## INFORMATION GIVEN
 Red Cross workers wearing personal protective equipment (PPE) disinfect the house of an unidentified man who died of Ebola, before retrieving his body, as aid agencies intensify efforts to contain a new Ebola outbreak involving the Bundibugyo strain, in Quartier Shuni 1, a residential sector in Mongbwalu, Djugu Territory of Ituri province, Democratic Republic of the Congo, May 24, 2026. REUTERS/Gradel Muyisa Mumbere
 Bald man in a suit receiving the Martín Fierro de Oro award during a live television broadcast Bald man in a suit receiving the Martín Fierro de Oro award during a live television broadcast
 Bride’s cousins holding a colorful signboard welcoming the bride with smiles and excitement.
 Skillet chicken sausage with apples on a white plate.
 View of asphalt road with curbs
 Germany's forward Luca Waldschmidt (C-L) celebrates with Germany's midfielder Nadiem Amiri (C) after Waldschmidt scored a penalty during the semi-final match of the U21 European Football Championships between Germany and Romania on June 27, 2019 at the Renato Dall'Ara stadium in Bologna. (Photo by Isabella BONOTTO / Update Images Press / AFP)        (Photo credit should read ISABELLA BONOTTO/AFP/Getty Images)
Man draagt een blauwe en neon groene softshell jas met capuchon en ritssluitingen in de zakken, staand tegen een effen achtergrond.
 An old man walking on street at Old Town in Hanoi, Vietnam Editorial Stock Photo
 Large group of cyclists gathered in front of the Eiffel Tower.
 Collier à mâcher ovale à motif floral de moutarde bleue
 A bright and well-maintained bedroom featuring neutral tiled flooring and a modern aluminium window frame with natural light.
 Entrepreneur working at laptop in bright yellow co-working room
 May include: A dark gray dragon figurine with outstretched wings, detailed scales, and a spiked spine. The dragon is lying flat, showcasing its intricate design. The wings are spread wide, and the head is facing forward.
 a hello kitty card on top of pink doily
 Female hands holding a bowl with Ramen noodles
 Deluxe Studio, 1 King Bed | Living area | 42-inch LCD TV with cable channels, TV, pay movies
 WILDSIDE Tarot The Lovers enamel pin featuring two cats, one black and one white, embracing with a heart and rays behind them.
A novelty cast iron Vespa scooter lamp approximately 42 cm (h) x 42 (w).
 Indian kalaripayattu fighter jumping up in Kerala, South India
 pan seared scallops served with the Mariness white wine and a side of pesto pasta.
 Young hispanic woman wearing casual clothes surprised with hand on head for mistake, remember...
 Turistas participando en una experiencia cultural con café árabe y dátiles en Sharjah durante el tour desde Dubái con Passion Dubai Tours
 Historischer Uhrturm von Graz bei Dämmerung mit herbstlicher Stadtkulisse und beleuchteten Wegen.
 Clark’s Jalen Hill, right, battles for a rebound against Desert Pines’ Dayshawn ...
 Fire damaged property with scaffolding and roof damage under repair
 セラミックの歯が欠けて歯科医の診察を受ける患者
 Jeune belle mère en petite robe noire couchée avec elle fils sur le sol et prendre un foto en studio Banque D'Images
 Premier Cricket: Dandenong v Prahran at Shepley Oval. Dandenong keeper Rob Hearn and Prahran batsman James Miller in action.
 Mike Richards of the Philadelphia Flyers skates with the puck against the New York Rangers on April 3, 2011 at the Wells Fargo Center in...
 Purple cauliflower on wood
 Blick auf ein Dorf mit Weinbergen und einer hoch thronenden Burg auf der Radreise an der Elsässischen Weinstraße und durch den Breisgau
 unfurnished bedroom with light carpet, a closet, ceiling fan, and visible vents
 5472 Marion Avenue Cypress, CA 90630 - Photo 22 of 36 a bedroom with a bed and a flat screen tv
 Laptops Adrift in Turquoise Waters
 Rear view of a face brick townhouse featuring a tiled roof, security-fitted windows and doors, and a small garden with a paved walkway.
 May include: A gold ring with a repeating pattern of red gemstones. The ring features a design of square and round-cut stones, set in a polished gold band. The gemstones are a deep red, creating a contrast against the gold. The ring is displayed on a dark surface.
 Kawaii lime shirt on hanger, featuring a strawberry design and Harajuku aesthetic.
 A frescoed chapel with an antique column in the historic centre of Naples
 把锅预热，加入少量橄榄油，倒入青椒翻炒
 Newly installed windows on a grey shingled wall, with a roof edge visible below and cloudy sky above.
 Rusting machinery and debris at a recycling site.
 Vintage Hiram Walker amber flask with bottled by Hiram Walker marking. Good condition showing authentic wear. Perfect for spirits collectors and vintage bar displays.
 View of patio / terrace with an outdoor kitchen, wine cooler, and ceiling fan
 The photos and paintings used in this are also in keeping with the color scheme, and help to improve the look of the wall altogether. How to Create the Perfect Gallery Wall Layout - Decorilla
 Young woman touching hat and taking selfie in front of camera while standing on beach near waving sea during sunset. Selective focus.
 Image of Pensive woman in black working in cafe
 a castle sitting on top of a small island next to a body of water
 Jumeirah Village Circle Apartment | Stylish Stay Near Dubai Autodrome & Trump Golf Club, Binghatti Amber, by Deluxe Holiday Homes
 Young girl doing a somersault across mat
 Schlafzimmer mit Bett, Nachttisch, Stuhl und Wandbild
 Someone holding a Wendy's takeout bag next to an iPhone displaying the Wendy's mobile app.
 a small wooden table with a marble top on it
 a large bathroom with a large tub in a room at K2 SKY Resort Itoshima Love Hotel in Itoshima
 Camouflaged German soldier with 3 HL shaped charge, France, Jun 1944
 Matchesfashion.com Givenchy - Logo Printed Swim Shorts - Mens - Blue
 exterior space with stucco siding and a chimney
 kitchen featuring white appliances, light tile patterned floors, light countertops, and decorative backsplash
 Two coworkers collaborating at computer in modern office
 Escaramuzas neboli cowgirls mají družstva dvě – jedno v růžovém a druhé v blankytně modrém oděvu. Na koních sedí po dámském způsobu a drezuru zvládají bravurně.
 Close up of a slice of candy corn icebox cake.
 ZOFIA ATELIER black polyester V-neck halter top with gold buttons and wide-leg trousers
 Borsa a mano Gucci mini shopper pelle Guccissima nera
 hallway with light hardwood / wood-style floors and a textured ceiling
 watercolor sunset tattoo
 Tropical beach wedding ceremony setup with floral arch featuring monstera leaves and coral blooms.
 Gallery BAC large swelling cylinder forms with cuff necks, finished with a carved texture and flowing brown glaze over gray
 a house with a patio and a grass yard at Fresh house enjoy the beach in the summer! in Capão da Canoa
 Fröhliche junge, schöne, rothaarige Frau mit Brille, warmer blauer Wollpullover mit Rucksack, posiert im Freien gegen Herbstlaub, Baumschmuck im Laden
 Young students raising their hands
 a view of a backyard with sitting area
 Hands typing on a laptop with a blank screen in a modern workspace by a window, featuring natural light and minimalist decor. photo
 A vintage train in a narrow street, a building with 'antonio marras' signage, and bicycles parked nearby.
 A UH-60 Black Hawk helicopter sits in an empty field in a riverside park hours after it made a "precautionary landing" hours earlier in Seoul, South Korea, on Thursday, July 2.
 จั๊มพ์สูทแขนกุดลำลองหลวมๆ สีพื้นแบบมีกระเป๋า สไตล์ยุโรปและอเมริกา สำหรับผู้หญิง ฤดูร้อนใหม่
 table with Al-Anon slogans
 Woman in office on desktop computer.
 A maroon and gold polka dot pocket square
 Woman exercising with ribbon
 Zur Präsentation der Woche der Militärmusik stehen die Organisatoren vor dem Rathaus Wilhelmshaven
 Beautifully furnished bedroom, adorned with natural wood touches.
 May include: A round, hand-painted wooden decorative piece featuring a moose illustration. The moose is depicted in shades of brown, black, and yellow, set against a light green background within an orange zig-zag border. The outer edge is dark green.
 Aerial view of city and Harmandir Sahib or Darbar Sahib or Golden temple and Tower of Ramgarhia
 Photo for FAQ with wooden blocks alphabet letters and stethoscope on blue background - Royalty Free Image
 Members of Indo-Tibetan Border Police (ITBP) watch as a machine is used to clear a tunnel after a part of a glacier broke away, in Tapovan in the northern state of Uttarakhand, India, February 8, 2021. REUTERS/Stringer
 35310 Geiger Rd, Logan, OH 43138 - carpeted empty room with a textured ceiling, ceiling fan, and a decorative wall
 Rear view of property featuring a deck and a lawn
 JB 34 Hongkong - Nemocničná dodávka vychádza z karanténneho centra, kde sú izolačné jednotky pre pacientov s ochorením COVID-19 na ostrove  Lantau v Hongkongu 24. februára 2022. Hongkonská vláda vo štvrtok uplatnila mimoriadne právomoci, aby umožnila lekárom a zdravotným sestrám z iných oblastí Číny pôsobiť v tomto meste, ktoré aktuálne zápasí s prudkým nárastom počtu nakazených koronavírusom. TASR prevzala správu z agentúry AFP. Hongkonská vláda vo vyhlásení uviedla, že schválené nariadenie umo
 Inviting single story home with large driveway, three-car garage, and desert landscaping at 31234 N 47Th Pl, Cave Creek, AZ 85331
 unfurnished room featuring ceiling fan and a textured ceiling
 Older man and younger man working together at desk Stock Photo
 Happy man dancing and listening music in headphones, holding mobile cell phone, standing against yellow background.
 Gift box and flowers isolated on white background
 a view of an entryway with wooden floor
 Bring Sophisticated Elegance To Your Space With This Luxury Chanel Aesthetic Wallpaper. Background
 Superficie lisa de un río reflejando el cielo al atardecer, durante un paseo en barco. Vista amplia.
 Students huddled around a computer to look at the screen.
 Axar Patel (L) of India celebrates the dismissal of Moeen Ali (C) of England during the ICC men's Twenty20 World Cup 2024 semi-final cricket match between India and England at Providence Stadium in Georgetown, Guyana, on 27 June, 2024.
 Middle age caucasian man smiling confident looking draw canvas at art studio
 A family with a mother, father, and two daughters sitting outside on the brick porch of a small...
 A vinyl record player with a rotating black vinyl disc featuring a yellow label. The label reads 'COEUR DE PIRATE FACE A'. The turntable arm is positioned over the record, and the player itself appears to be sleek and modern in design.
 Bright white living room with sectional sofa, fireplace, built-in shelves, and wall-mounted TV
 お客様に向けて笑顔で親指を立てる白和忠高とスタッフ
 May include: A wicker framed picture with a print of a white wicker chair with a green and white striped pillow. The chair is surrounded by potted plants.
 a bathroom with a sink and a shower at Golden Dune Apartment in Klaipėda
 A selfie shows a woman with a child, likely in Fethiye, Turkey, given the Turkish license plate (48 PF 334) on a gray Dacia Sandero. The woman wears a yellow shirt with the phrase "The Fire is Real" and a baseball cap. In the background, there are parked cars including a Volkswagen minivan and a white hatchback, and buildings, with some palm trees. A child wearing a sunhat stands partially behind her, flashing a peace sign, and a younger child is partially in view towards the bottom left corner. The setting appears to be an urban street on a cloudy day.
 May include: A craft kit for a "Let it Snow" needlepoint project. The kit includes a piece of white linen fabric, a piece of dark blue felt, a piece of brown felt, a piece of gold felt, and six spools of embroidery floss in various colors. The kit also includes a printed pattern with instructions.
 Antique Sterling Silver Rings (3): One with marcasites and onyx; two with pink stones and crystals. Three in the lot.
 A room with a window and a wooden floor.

## WHAT YOU WILL DO
Line count for the string "front": please say how many lines in the entries above contain it, with no other words.

## RESULT OF THIS EXERCISE
2